Hiking the Escalante River to Neon and Ringtail Canyons
Glen Canyon National Recreation Area is a vast region within the Colorado Plateau that contains some of the best canyon country in the world. It’s quite a haul to get there from northern Utah, but well worth the trip. Hikers and backpackers flock to the region in springtime but there’s so much ground to cover that it never gets too crowded. There is literally a lifetime worth of exploring available in the area, so start your tick list with two classics: Neon and Ringtail Canyons. The attraction here? The Escalante River, the Golden Cathedral and one of the darkest little slot canyons around.
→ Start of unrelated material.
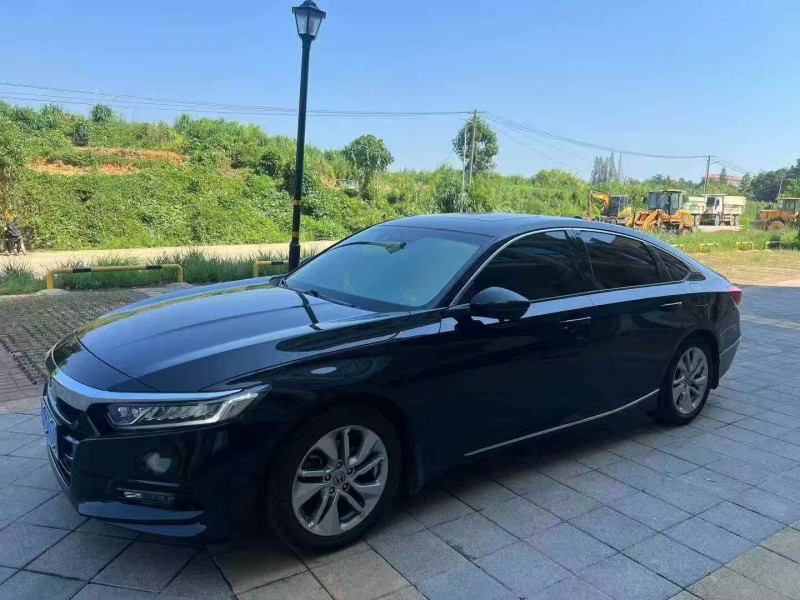 鹰潭18年本田雅阁2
First things first- getting there. Make the long drive to the town of Escalante and stop in at the visitor center (755 West Main Street). Backpackers need to pick up a free overnight permit from the ranger desk. The rangers are the best resource for advice on water sources, river flow and trail tips. From town, head east on Utah Scenic Route 12 to Hole-in-the-Rock Road. Head down the graded/washboard road 17.2 miles and turn left at the signed road for the Egypt Trailhead. The Egypt road is maintained but rough. Most vehicles can make it in good conditions with some careful driving. Keep right at the only fork and 9.5 miles later you will arrive at the Egypt Trailhead. Chances are you’ll see plenty of other cars parked here; this might be the most popular trailhead in the area. Throw your pack on and get ready for the adventure!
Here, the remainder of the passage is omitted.